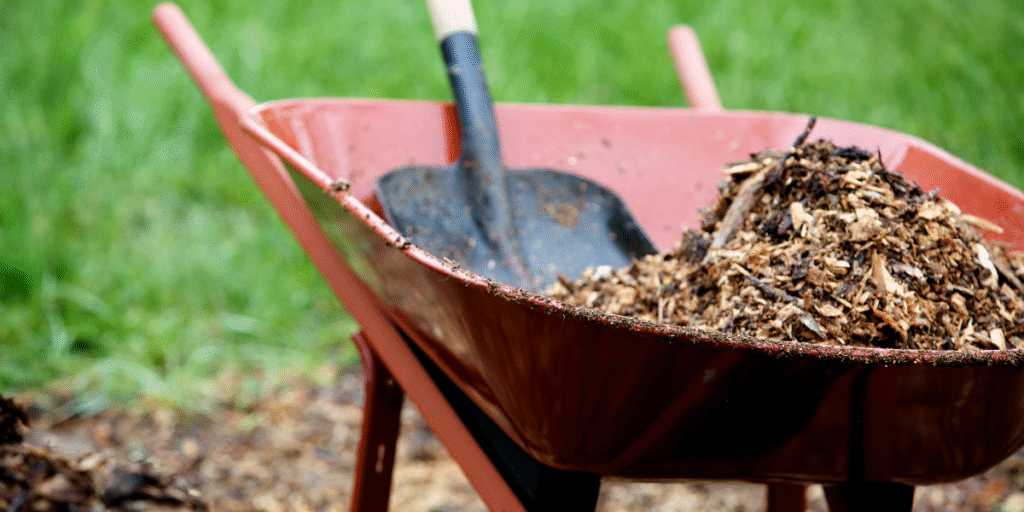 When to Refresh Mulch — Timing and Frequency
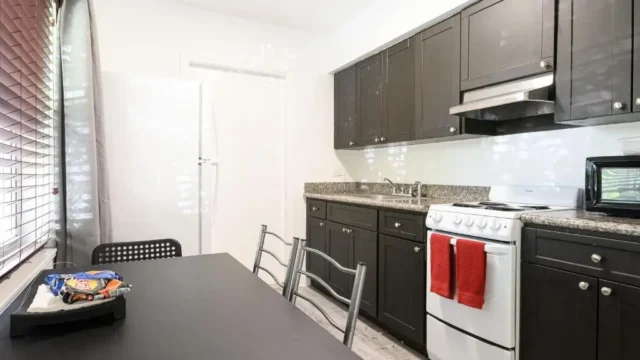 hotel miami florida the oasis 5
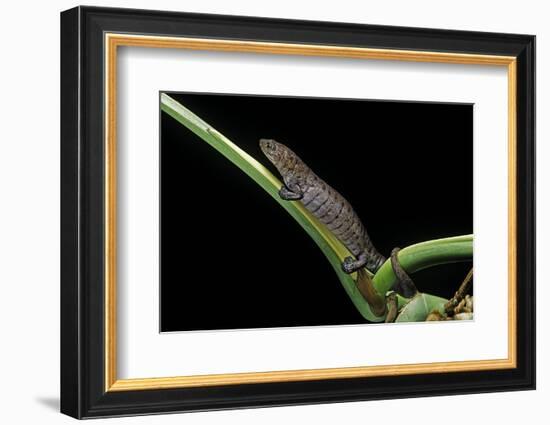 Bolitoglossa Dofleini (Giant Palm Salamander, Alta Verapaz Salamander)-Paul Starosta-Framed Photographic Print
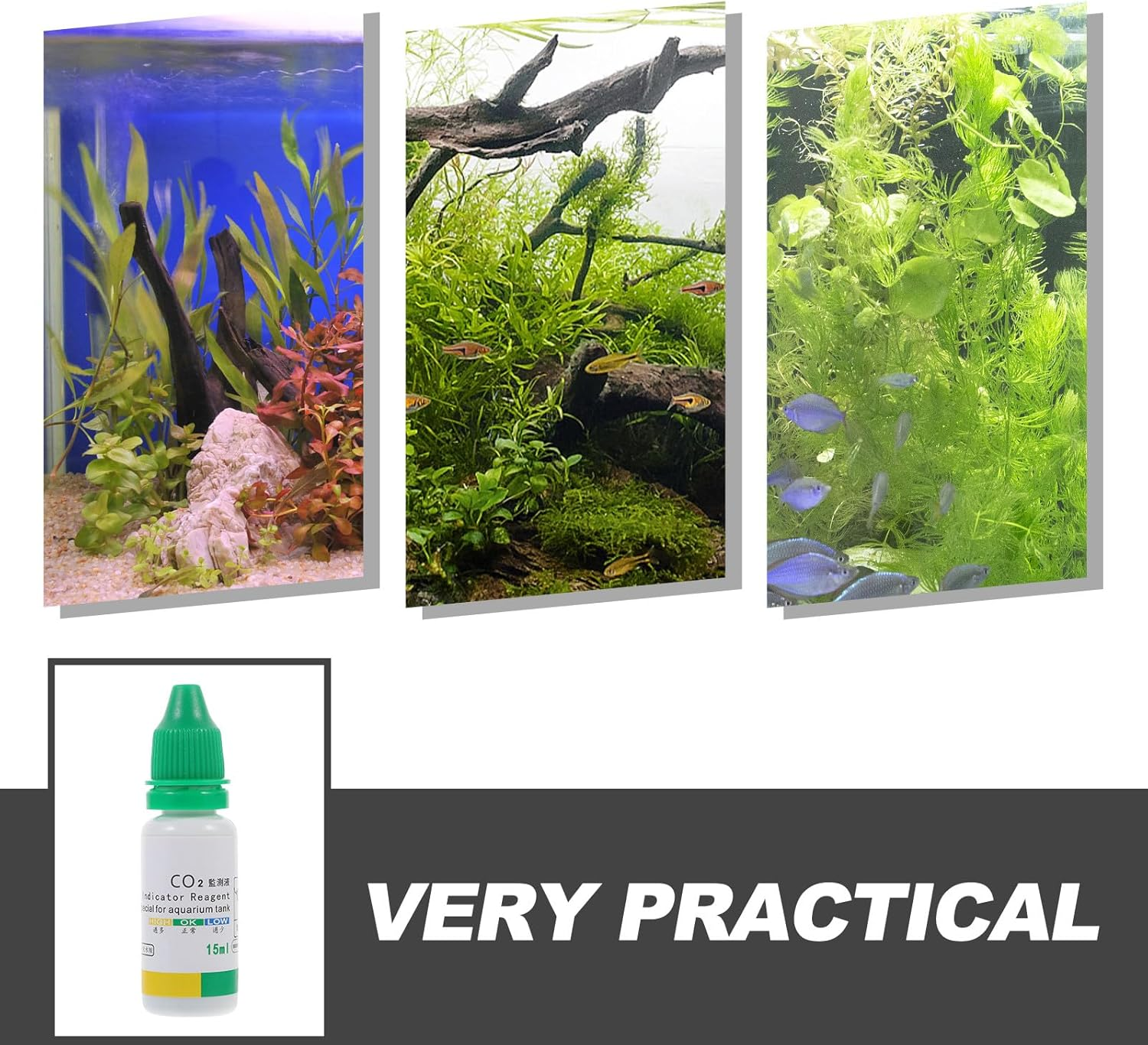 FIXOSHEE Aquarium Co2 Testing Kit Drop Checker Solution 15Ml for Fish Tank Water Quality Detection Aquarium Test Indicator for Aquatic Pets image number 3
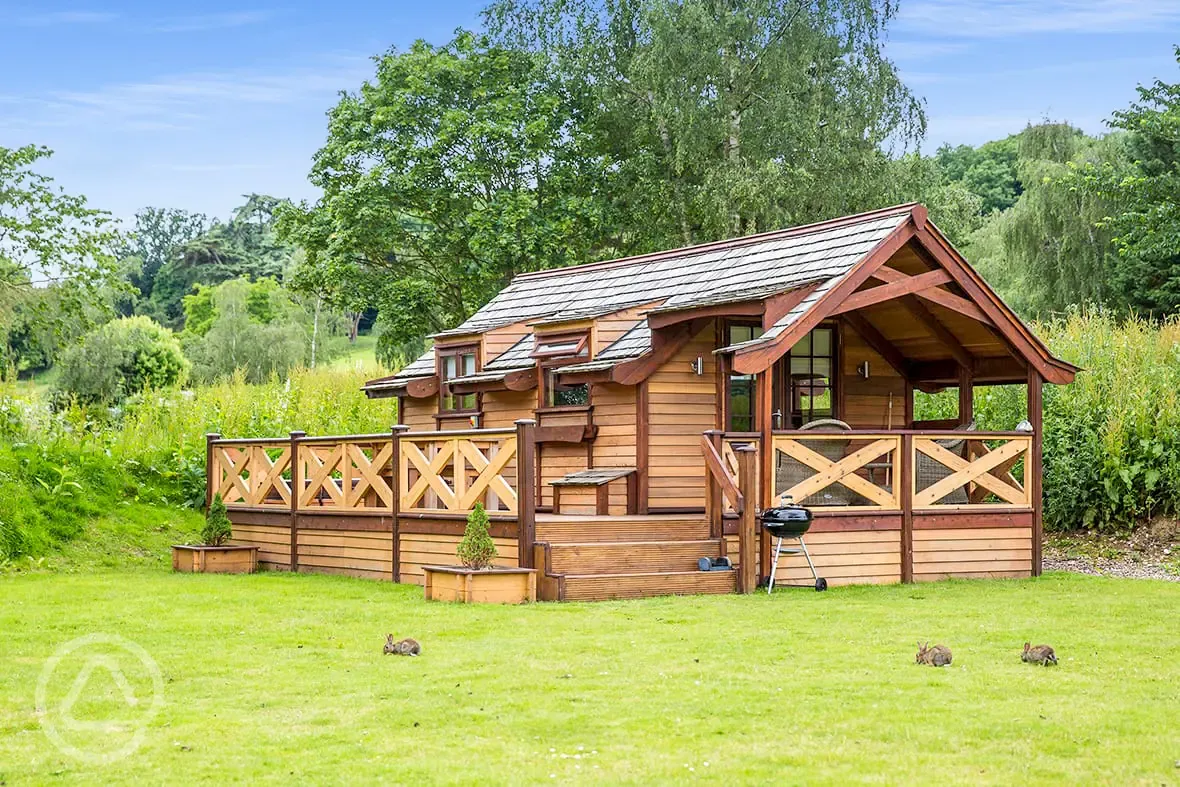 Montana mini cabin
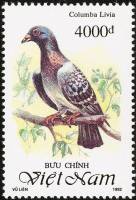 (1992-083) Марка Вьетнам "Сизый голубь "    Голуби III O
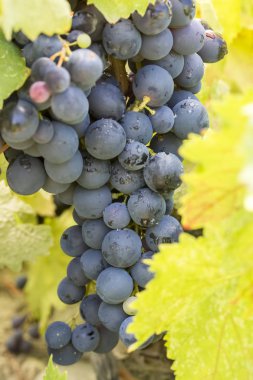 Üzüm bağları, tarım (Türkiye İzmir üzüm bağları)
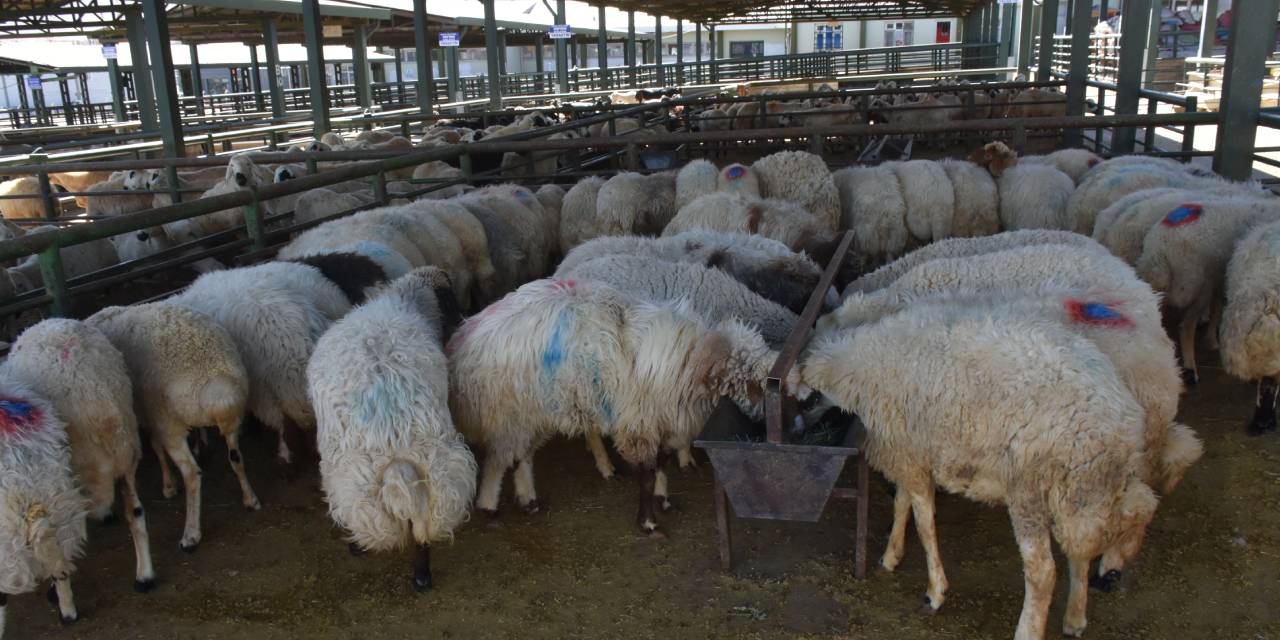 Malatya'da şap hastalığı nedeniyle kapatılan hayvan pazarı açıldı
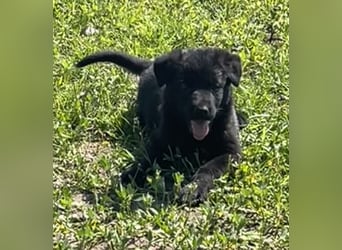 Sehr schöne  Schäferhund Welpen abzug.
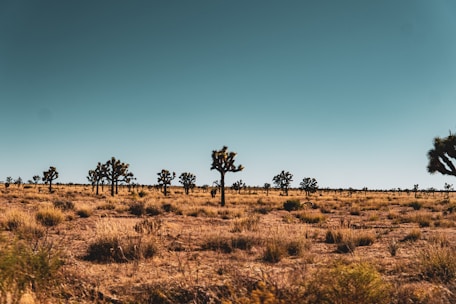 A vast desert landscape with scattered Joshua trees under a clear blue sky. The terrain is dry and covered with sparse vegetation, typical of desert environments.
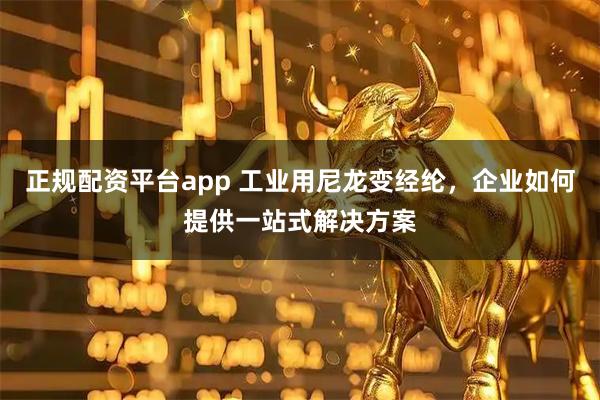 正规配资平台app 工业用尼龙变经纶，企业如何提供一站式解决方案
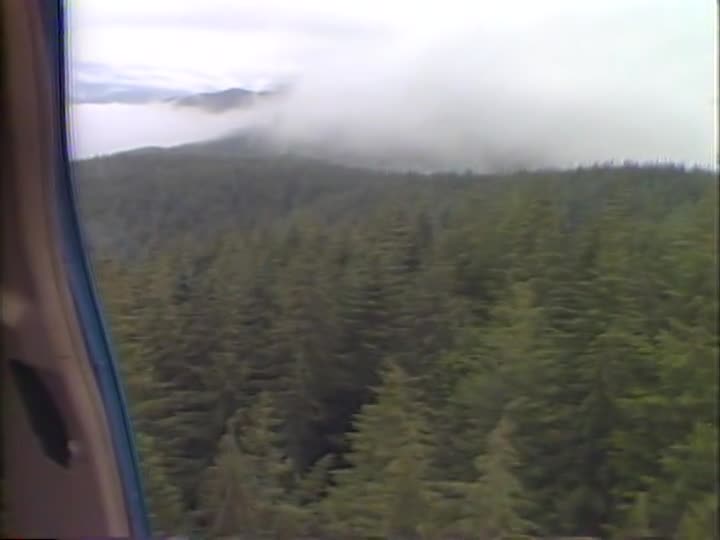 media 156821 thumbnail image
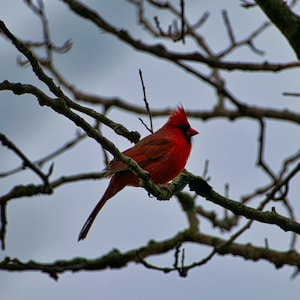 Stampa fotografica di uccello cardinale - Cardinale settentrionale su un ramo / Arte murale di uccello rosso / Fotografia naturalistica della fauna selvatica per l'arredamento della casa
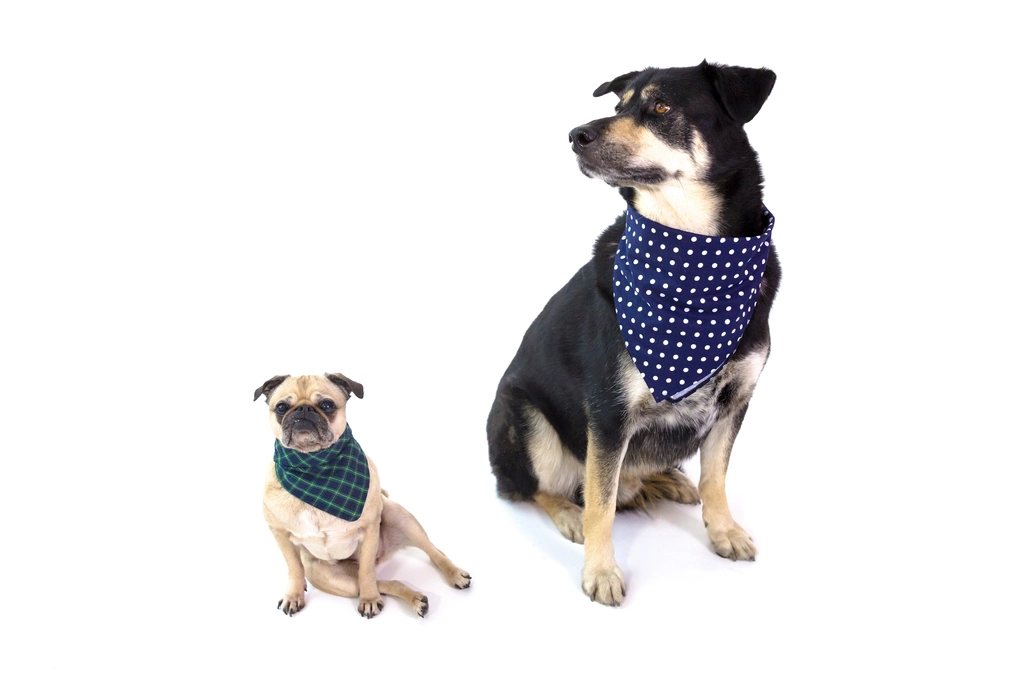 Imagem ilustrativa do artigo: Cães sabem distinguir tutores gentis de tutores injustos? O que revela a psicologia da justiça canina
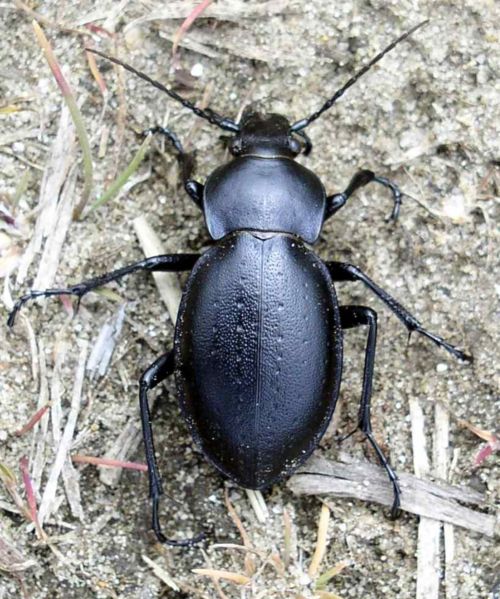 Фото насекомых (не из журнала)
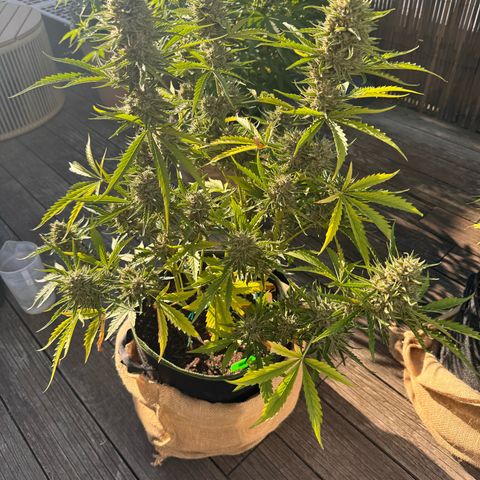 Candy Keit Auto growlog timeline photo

▶ **Problem**
Retype every entry above exactly and, please, skip the pictures.

▶ **Solution to the exercise**
 When to Refresh Mulch — Timing and Frequency
 hotel miami florida the oasis 5
 Bolitoglossa Dofleini (Giant Palm Salamander, Alta Verapaz Salamander)-Paul Starosta-Framed Photographic Print
 FIXOSHEE Aquarium Co2 Testing Kit Drop Checker Solution 15Ml for Fish Tank Water Quality Detection Aquarium Test Indicator for Aquatic Pets image number 3
 Montana mini cabin
 (1992-083) Марка Вьетнам "Сизый голубь "    Голуби III O
 Üzüm bağları, tarım (Türkiye İzmir üzüm bağları)
 Malatya'da şap hastalığı nedeniyle kapatılan hayvan pazarı açıldı
 Sehr schöne  Schäferhund Welpen abzug.
 A vast desert landscape with scattered Joshua trees under a clear blue sky. The terrain is dry and covered with sparse vegetation, typical of desert environments.
 正规配资平台app 工业用尼龙变经纶，企业如何提供一站式解决方案
 media 156821 thumbnail image
 Stampa fotografica di uccello cardinale - Cardinale settentrionale su un ramo / Arte murale di uccello rosso / Fotografia naturalistica della fauna selvatica per l'arredamento della casa
 Imagem ilustrativa do artigo: Cães sabem distinguir tutores gentis de tutores injustos? O que revela a psicologia da justiça canina
 Фото насекомых (не из журнала)
 Candy Keit Auto growlog timeline photo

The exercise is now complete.